• _Saved data entries_
= Beginning of Section =

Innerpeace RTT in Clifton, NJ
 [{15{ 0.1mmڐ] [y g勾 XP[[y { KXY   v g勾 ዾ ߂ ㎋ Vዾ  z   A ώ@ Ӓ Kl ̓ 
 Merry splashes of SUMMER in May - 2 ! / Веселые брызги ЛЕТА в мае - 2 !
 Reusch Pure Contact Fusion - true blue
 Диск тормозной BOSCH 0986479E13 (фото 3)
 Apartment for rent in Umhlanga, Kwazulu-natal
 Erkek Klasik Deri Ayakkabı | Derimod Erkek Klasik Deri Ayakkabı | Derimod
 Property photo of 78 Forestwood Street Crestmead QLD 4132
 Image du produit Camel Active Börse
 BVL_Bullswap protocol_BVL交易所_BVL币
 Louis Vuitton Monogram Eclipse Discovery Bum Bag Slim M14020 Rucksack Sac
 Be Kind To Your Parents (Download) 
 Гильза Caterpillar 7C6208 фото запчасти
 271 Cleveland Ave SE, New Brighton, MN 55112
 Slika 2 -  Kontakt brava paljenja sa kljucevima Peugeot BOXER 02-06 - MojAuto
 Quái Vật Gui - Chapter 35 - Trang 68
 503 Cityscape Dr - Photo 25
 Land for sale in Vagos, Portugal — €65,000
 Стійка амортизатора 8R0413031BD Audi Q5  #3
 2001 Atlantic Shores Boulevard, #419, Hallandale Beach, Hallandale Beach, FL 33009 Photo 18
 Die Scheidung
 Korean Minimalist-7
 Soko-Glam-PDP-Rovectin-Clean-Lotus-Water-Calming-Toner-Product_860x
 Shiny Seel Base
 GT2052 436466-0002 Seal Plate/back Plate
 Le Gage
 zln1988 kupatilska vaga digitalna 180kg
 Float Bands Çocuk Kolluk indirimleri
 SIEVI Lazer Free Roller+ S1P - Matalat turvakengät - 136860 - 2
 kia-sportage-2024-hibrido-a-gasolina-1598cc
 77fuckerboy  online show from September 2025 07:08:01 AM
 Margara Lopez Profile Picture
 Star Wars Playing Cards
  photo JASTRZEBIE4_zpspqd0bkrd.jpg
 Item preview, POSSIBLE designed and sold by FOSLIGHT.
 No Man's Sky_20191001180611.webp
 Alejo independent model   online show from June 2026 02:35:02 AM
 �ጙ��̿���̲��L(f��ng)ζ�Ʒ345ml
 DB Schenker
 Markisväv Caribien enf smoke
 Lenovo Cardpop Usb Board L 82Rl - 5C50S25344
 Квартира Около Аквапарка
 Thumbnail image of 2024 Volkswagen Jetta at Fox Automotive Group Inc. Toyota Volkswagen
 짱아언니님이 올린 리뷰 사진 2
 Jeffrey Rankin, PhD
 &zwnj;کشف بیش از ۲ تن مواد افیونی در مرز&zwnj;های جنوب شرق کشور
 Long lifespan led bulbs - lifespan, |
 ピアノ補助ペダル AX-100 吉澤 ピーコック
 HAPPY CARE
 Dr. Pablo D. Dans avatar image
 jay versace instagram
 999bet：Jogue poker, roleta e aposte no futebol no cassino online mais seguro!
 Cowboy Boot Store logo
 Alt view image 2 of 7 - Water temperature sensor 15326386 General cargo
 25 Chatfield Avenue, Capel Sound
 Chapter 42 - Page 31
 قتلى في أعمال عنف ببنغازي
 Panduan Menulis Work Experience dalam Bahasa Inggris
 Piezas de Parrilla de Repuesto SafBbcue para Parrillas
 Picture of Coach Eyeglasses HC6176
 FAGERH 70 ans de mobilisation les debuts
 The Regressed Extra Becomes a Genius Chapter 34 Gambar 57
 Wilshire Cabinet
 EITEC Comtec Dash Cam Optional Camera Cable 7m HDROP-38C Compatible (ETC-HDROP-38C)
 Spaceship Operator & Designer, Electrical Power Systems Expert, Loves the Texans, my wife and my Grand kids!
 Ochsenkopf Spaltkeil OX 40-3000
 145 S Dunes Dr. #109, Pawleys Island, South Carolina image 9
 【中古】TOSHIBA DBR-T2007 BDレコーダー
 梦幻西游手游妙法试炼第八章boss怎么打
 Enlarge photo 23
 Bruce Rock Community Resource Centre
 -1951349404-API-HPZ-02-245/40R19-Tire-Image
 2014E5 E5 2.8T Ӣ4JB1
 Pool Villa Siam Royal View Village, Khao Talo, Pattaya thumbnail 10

= End of Section =

• _Problem to solve_
In the data above, find each line that uses the string "from". Copy it.

• _Task answer_
 77fuckerboy  online show from September 2025 07:08:01 AM
 Alejo independent model   online show from June 2026 02:35:02 AM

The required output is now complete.